Javier Cercas was born in 1962. He is a novelist, short-story writer and columnist, whose books include Soldiers of Salamis (which sold more than a million copies worldwide, won six literary awards in Spain and was filmed by David Trueba), The Tenant and The Motive, The Speed of Light and The Anatomy of a Moment. His books have been translated into more than twenty languages. He lives in Barcelona.

Jeremy Chambers

Jeremy Chambers was born in 1974 and lives in Melbourne. His first novel, The Vintage and the Gleaning was inspired by summers spent working as a vineyard labourer whilst at school and university.
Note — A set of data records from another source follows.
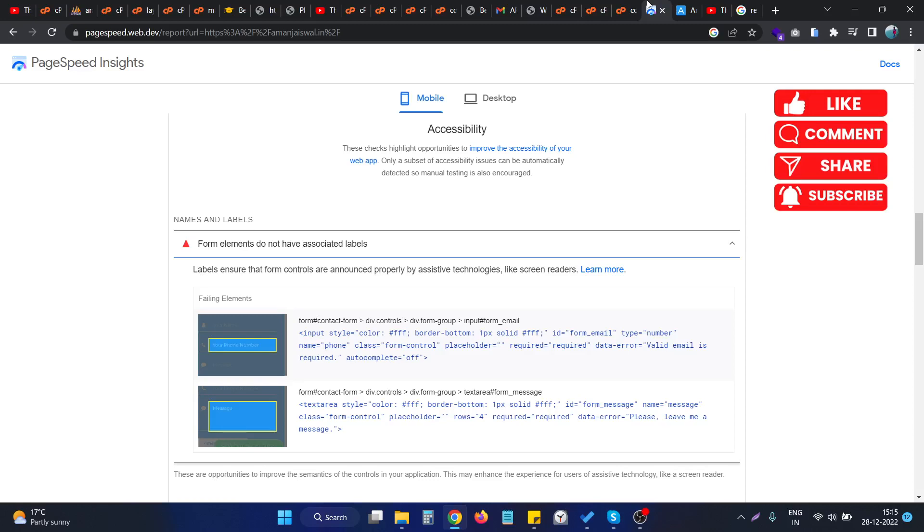Hello, in this video we will see how we can fix the form elements do not have associated label error in Google PageSpeed Insights. To fix this issue, we have to open our website code.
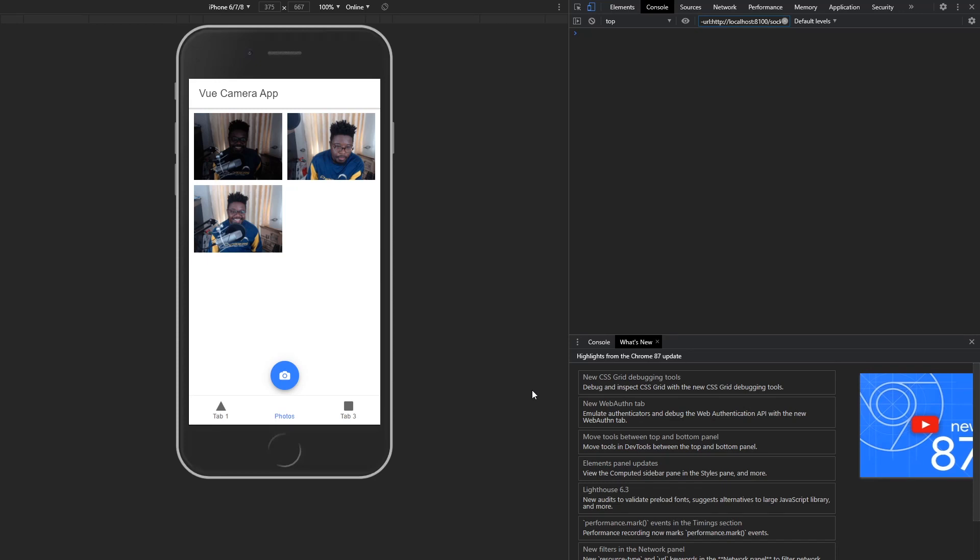Welcome to another Code Swag video. In this tutorial, we're going to learn how to create a complete cross-platform photo gallery app that runs on the web, iOS, and Android using Capacitor, Ionic Framework, and Vue.js.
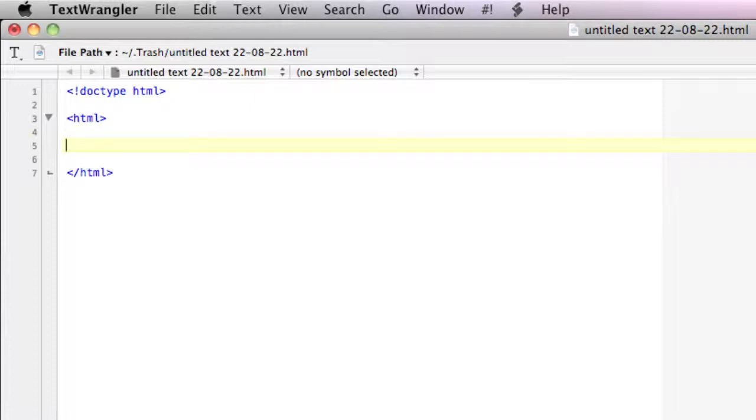All of the information and content in our web page is going to be positioned between the HTML opening and closing tags.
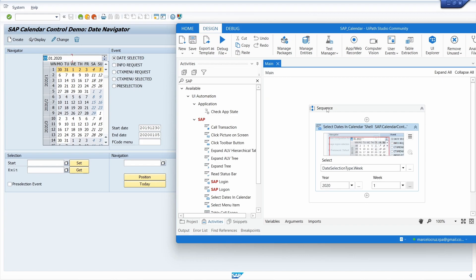As we can see, this activity facilitates the interaction with SAP calendars a lot.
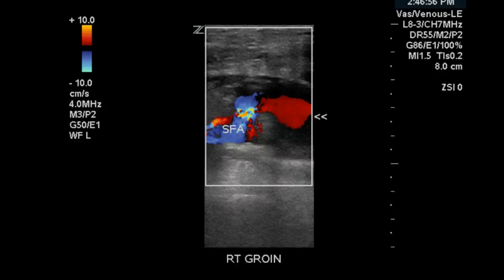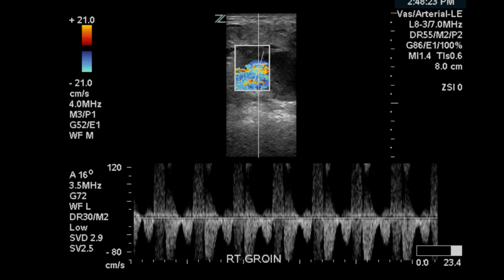Here we have another example of a pseudoaneurysm. However, in this case, we have a patent PSA. Immediately you see the blood flow coming from the SFA and bleeding into the encapsulated pocket and the surrounding tissue. In this image, we sample the neck of the PSA and you can see the to-fro flow pattern, which simply represents flow into and out of the sac.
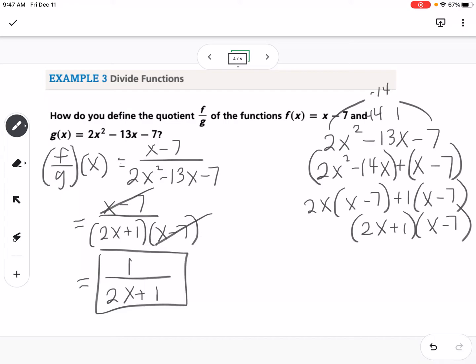With domain, when dividing functions you need to be aware that even though your original functions had all real numbers as domain, once you create a division problem — just like rational functions in chapter 4 — you can't divide by zero. So x cannot equal 7 (even though we canceled it), and x cannot equal negative one-half. That's our domain.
It was conceived over the course of a long illness, during which he was overwhelmed by unusually vivid memories.

Jérôme Ferrari

Jerôme Ferrari was born in Paris in 1968. His first novel in English translation, Where I Left My Soul was the winner of the Prix du roman France Televisions, the Prix Initiales, the Prix Larbaud, and the Grand Prix Poncetton de la SGDL in its French edition. His second, The Sermon on the Fall of Rome, was the winner of the 2012 Prix Goncourt, confirming his status as one of France's outstanding young literary talents.

Jón Kalman Stefánsson

Jón Kalman Stefánsson's novels have been nominated three times for the Nordic Council Prize for Literature and his novel Summer Light, and then Comes the Night received the Icelandic Prize for Literature in 2005. In 2011 he was awarded the prestigious P.O. Enquist Award. He is perhaps best known for his trilogy - Heaven and Hell, The Sorrow of Angels (longlisted for the Independent Foreign Fiction Prize) and The Heart of Man (winner of the Oxford-Weidenfeld Translation Prize) - and for Fish Have No Feet (longlisted for the Man Booker International Prize 2017).

Juan Marsé

Juan Marsé was born in 1933 in Barcelona. He is a Spanish novelist and screenwriter, and has won numerous awards for both his novels, most recently the 2008 Cervantes Prize.

Kari Hotakainen

Kari Hotakainen was born in 1957 in Pori, Finland. His breakthrough came in 1997 when he was nominated for the Finlandia Prize, which he later won in 2002. Hotakainen has also written children's plays, radio dramas, newspaper columns and television scripts. Owen T. Witesman is a translator from the Finnish and Estonian.